Between careful calibration of the brightness and the 5 IRE increment of the 20 point control, perfect blacks and reproduced (but not always visible depending on content and room lighting, as expected) levels from digital level 17 and up were possible. The 65EG9600 can be made to come out of black very gracefully.
An ugly darkening of the sides of the picture was visible at levels below 30% referenced to 45 fL peak light output with a 2.25 power law gamma. It was slightly noticeable around 25-30%, and gradually became very obvious at 5% and near black. Dark picture content simply faded out within a few inches of each side of the screen. I have done one other 65" OLED and many 55" OLEDs, and I have not seen this flaw to nearly this extent before. The problem was distressingly obvious with darker program material once it was noticed for the first time. Although calibration did not have any direct control over the dark edges, reducing light output to common home theater levels meant that more picture content fell below the point where the edges started getting dark, meaning the flaw was even more noticeable. The 65EG9600 exhibited good uniformity above 30%, though the right side had a visibly slightly warmer white balance with patterns. A photo illustrating the problem is attached.

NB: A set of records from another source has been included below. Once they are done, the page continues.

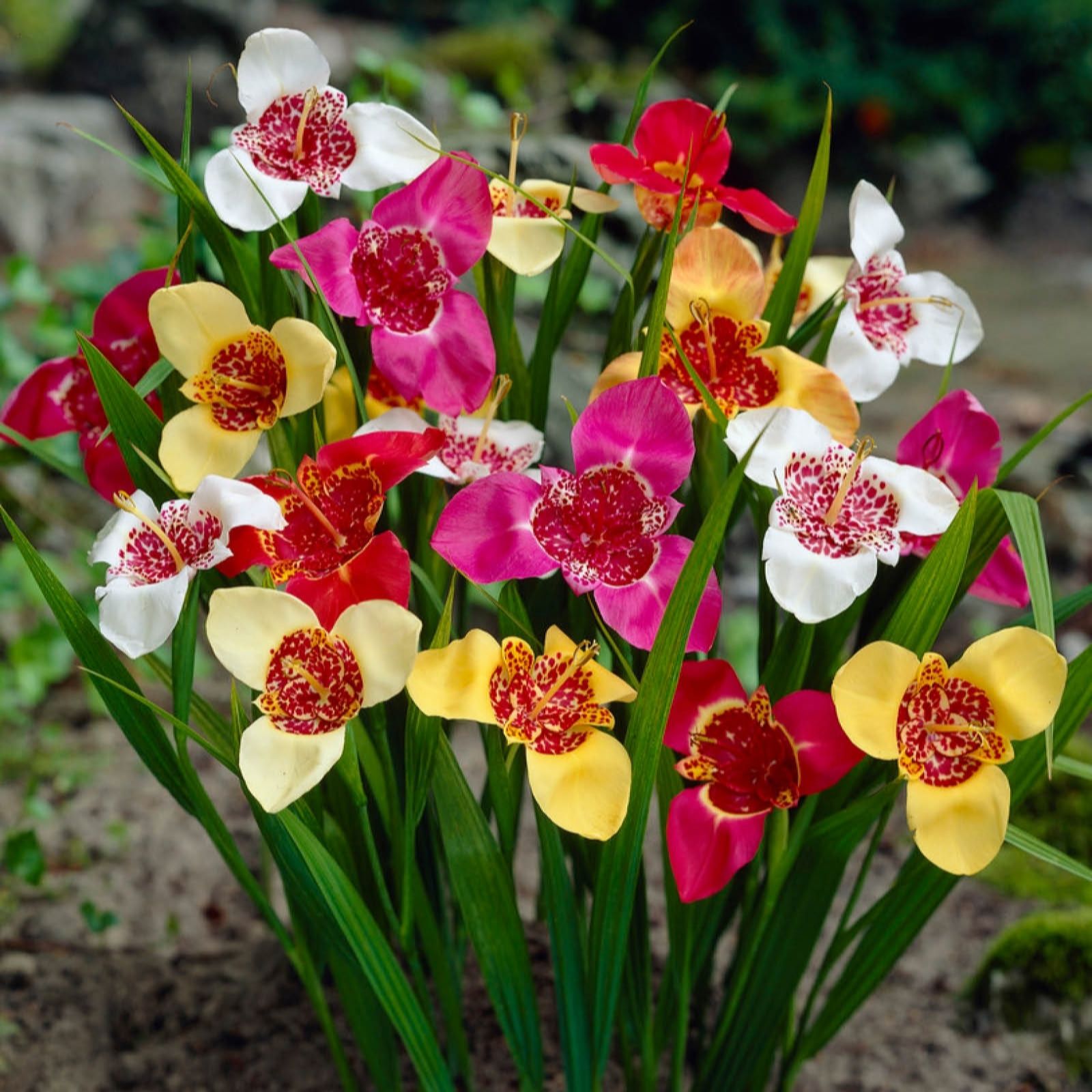 Yougarden Orange/Pink/Yellow You Garden Tigridia Mix Bulbs X50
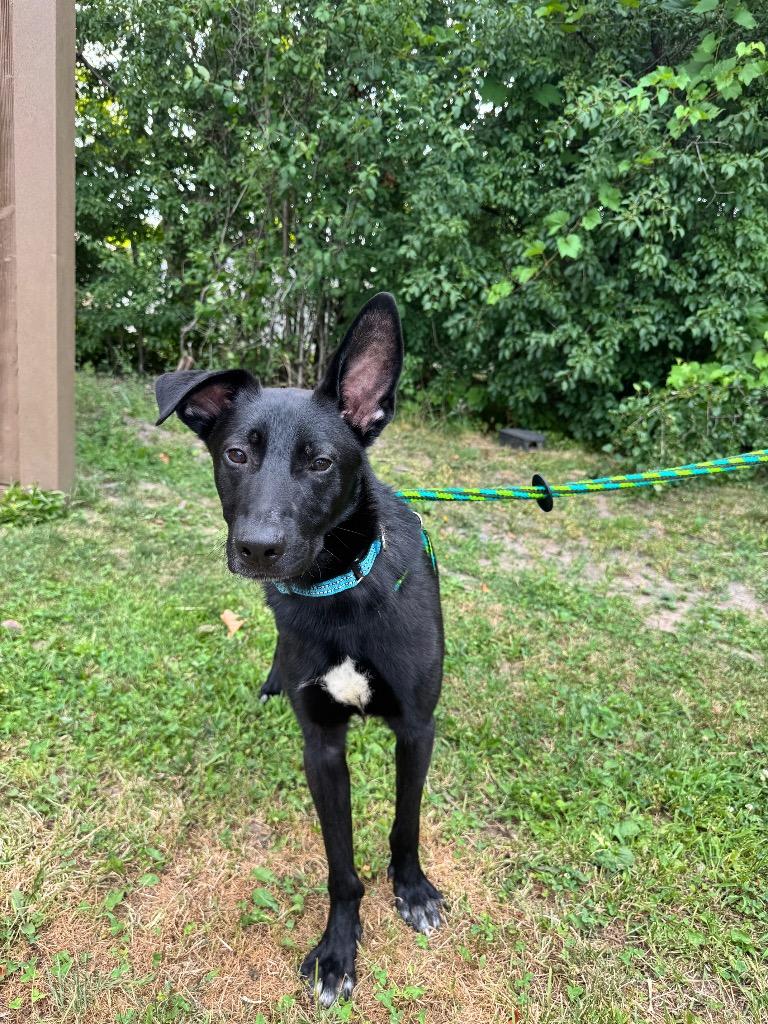 Petey, a Adoptable mixed breed in Liverpool, NY image 2/4
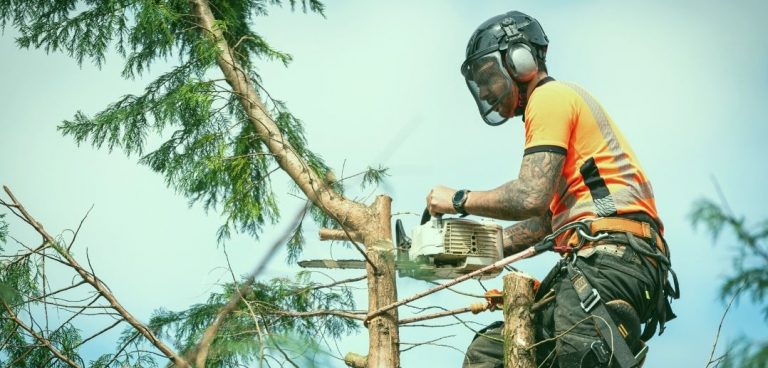 How to Become a Tree Surgeon How to Become a Tree Surgeon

I viewed a mixture of familiar Blu Ray and 4K Netflix material along with varied DirecTV content in a dark room with a calibrated D65 IdealLume backlight behind the display. The receiver and Darbee were set to pass through video unaltered.
With the things this display does well, there's nothing better: the final round of viewing produced more pop, dimension, and definition than I could ever have hoped for. The compression of bright highlights was eliminated, and motion and depth were both outstanding. Shadow detail came out of black naturally and seemed very well balanced. The image had a very photo realistic quality that is unmatched by any other display technology I've seen. Bright colors and skin tones were stunning; and though the color in general was beautiful, some darker shades, including the DirecTV program guide, were not rendered as accurately.
The dark edges were not visible most of the time, though at times they caught my attention. It did not destroy my enjoyment of the movie, but to someone who knows it’s there and is half looking for it, it can be a huge disappointment. They are most noticeable in dark movie scenes rather than in sports or sitcoms. They were also visible on the DirecTV program guide. I sincerely hope LG addresses this issue, but until they do, be warned: the 65EG9600 is beautiful but flawed.